■ Task statement
Leaving the pictures aside, repeat each line below exactly.

■ Data excerpt
....................
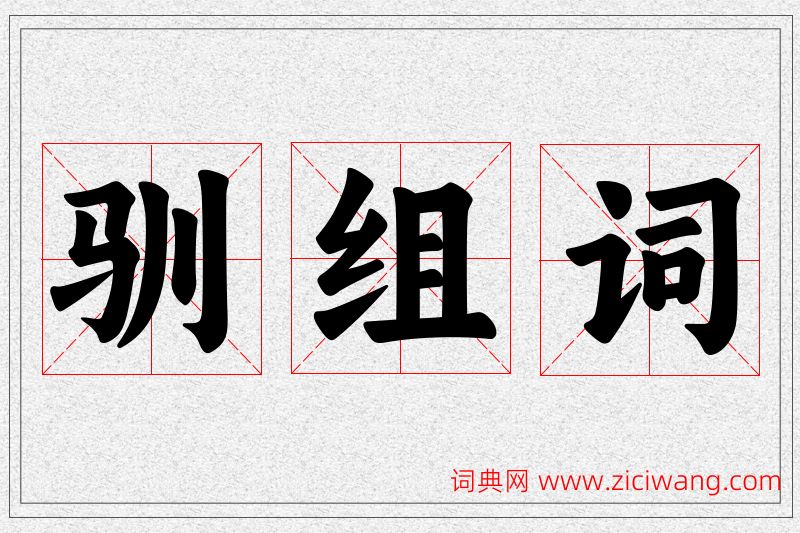 驯字的组词
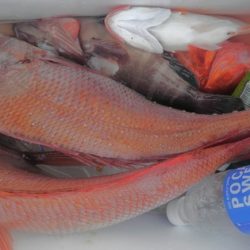 遊漁船 新鋭丸 釣果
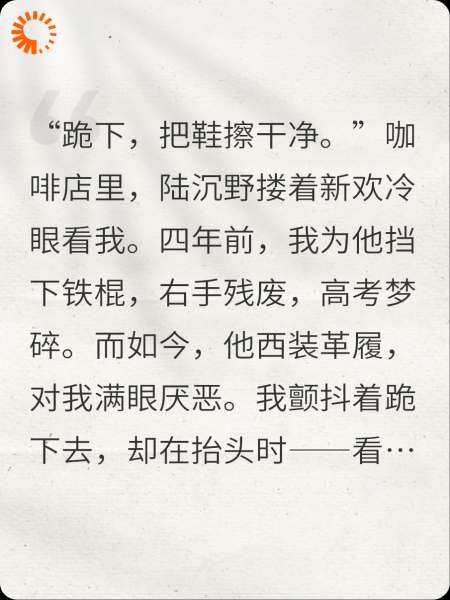 我曾为你坠入深渊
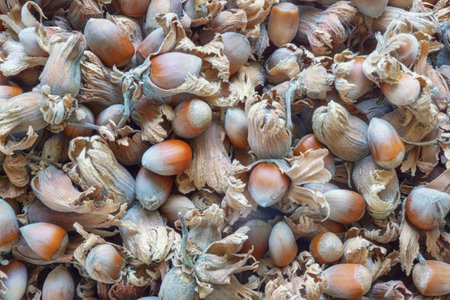 Nuts. Ripe hazelnuts in husk from forest, backgroundの写真素材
....................
■ Solution to the exercise
 驯字的组词
 遊漁船 新鋭丸 釣果
 我曾为你坠入深渊
 Nuts. Ripe hazelnuts in husk from forest, backgroundの写真素材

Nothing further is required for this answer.